> What you will do
Please repeat the listing below exactly, but do not include its pictures.

--------------------------------------------------

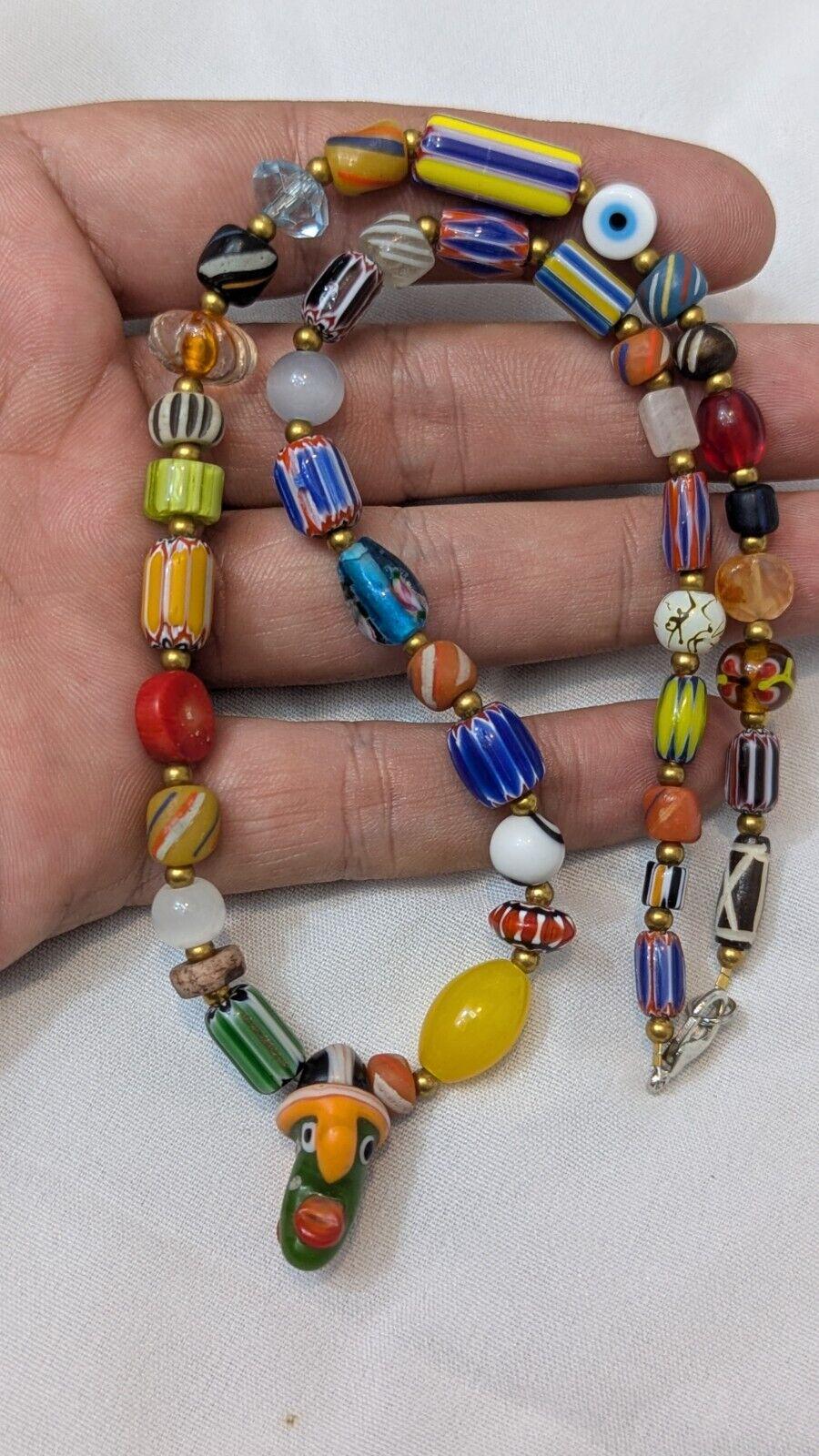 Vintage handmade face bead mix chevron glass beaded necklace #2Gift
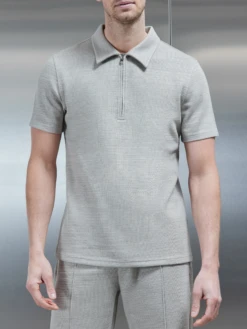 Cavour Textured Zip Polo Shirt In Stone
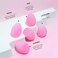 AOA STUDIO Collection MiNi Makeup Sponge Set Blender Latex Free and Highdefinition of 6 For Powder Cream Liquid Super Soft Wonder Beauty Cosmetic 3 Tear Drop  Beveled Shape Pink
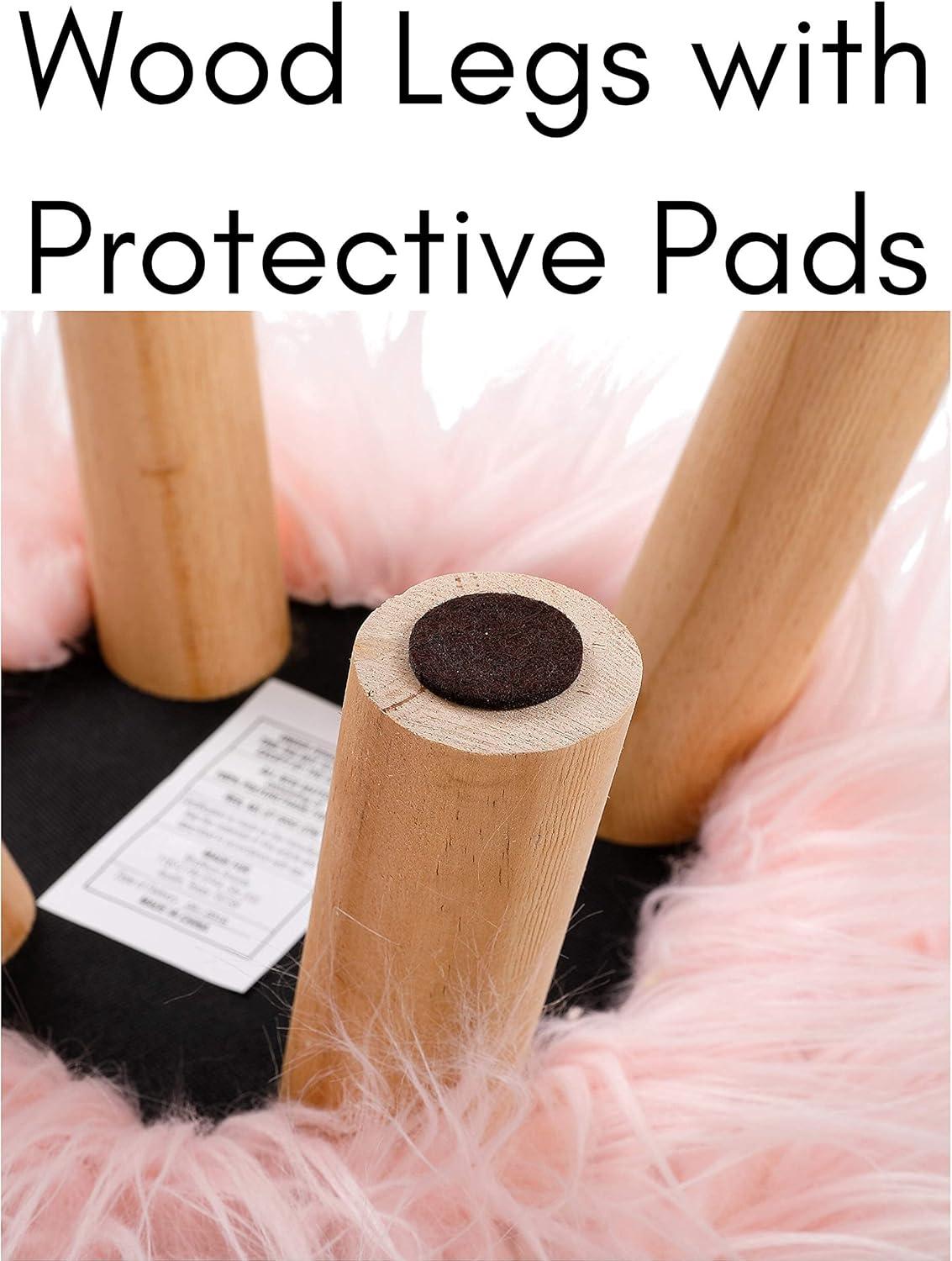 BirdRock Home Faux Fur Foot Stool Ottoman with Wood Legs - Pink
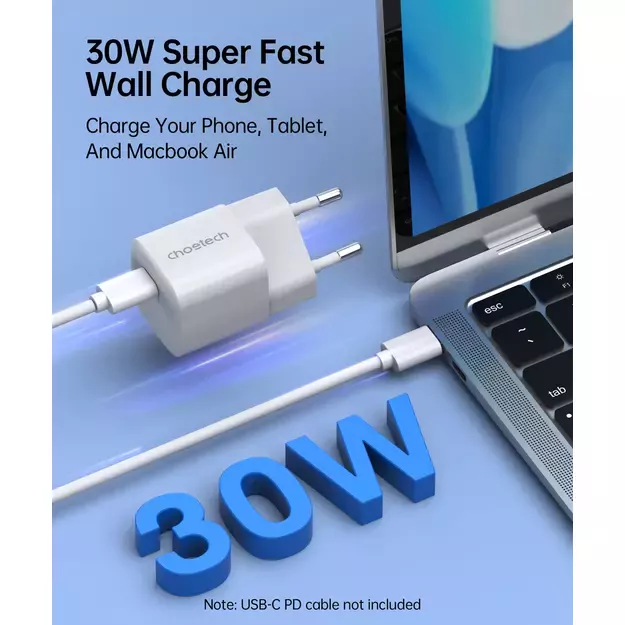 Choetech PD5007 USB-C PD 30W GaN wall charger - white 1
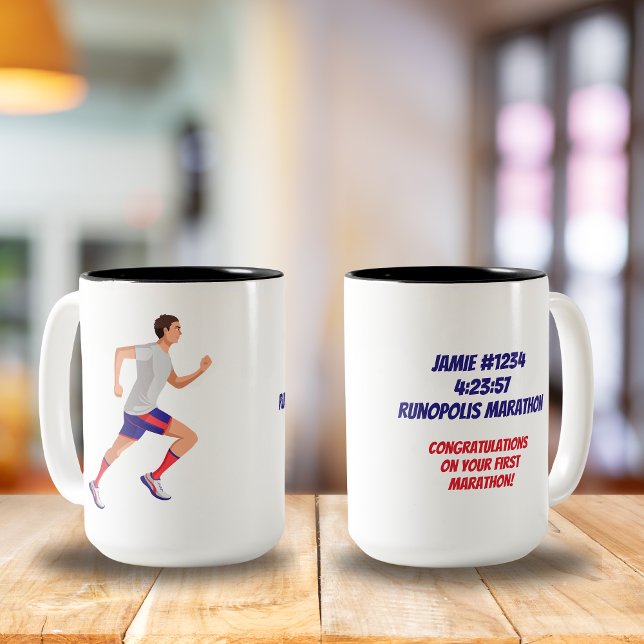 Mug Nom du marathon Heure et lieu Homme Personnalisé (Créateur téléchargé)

--------------------------------------------------

> Exercise answer
 Vintage handmade face bead mix chevron glass beaded necklace #2Gift
 Cavour Textured Zip Polo Shirt In Stone
 AOA STUDIO Collection MiNi Makeup Sponge Set Blender Latex Free and Highdefinition of 6 For Powder Cream Liquid Super Soft Wonder Beauty Cosmetic 3 Tear Drop  Beveled Shape Pink
 BirdRock Home Faux Fur Foot Stool Ottoman with Wood Legs - Pink
 Choetech PD5007 USB-C PD 30W GaN wall charger - white 1
 Mug Nom du marathon Heure et lieu Homme Personnalisé (Créateur téléchargé)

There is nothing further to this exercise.